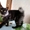 Вязка на территории кота - Изображение #1, Объявление #877549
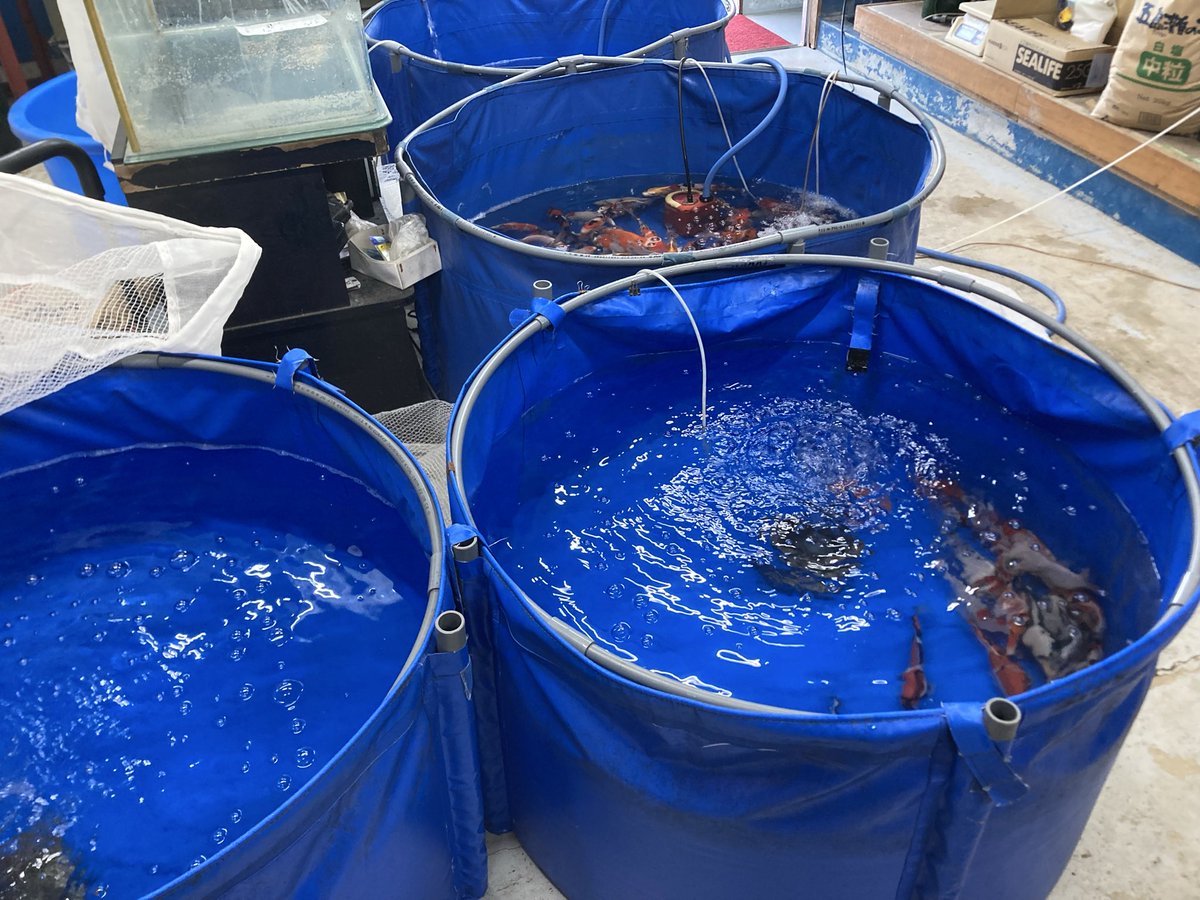 成澤養魚場 tweet media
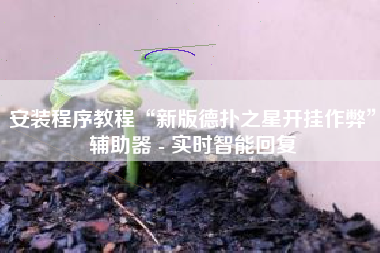 安装程序教程“新版德扑之星开挂作弊”辅助器 - 实时智能回复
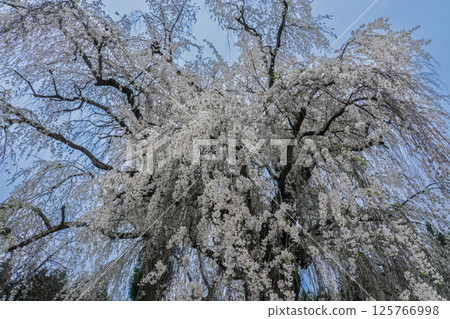 Underwater weeping cherry blossoms, Takayama Village, Nagano Prefecture Underwater weeping cherry blossoms, Takayama Village, Nagano Prefecture 125766998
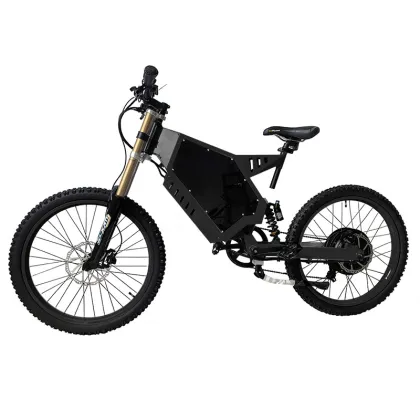 3000W QS Motor Off Road Electric Bicycle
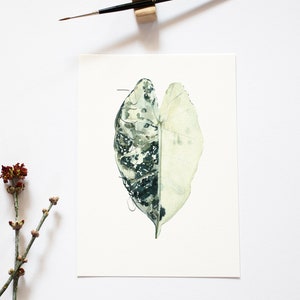 Instant Download Printable Art Botanical Print leaf Print - Etsy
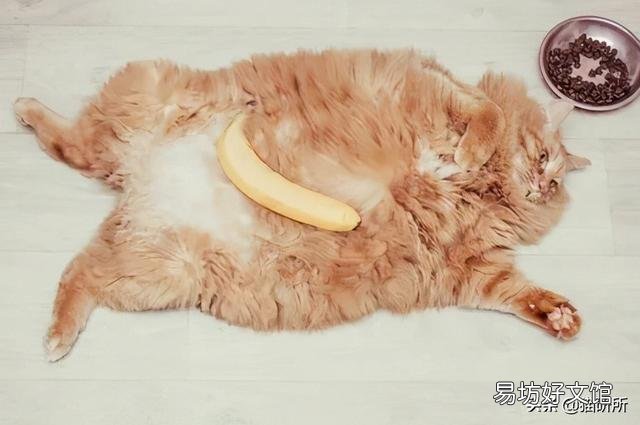 猫咪特别爱吃水果正常吗(猫咪特别喜欢吃水果)
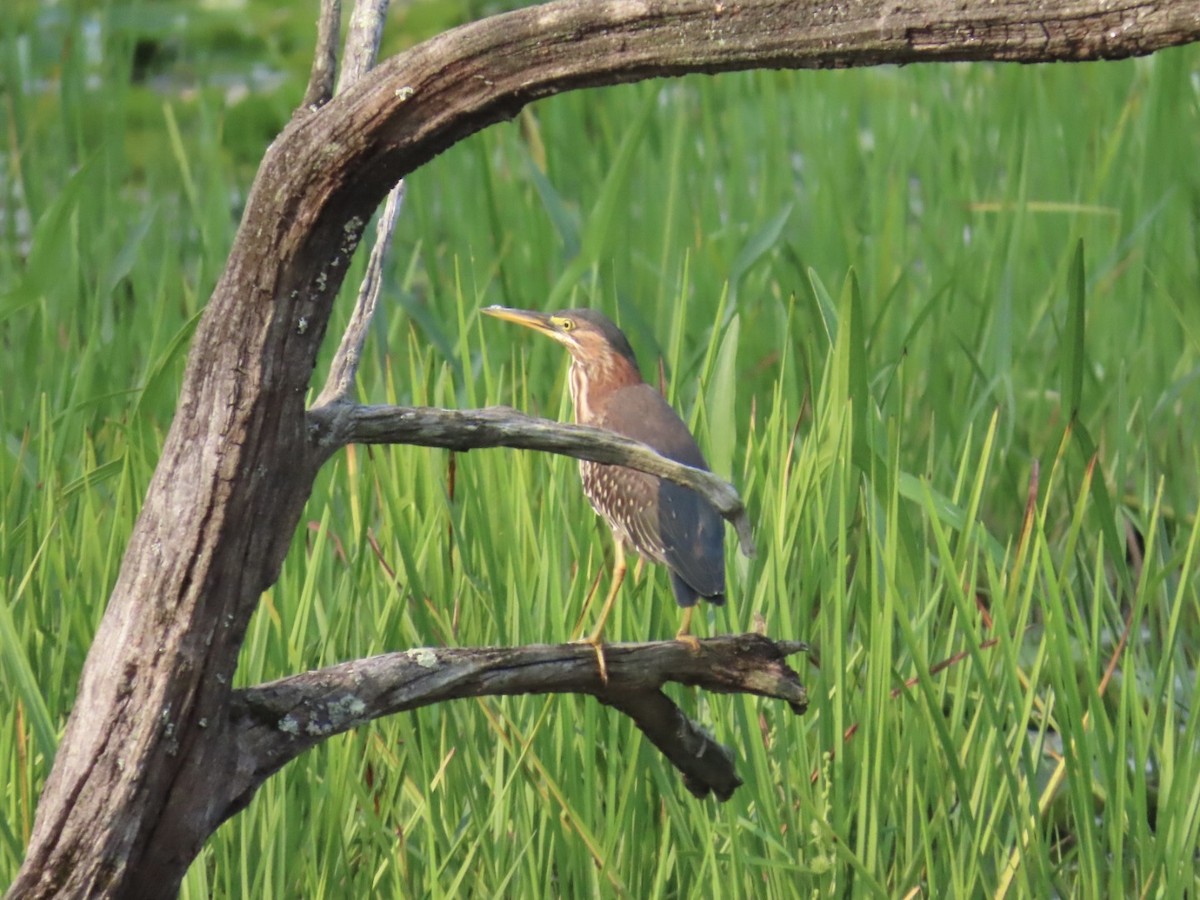 Green Heron - ML639826590
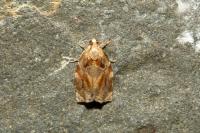Archips xylosteana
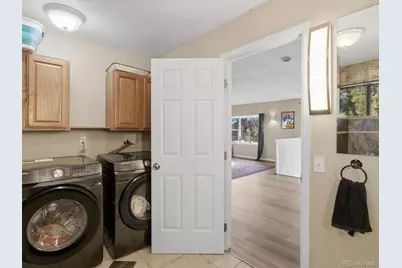 209 Pine Drive, Bailey, CO 80421 - Photo 21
◆ ◆ ◆ ◆ ◆
*Task prompt:*
Would you return the data above exactly as written, minus the images?

*Task response:*
 Вязка на территории кота - Изображение #1, Объявление #877549
 成澤養魚場 tweet media
 安装程序教程“新版德扑之星开挂作弊”辅助器 - 实时智能回复
 Underwater weeping cherry blossoms, Takayama Village, Nagano Prefecture Underwater weeping cherry blossoms, Takayama Village, Nagano Prefecture 125766998
 3000W QS Motor Off Road Electric Bicycle
 Instant Download Printable Art Botanical Print leaf Print - Etsy
 猫咪特别爱吃水果正常吗(猫咪特别喜欢吃水果)
 Green Heron - ML639826590
Archips xylosteana
 209 Pine Drive, Bailey, CO 80421 - Photo 21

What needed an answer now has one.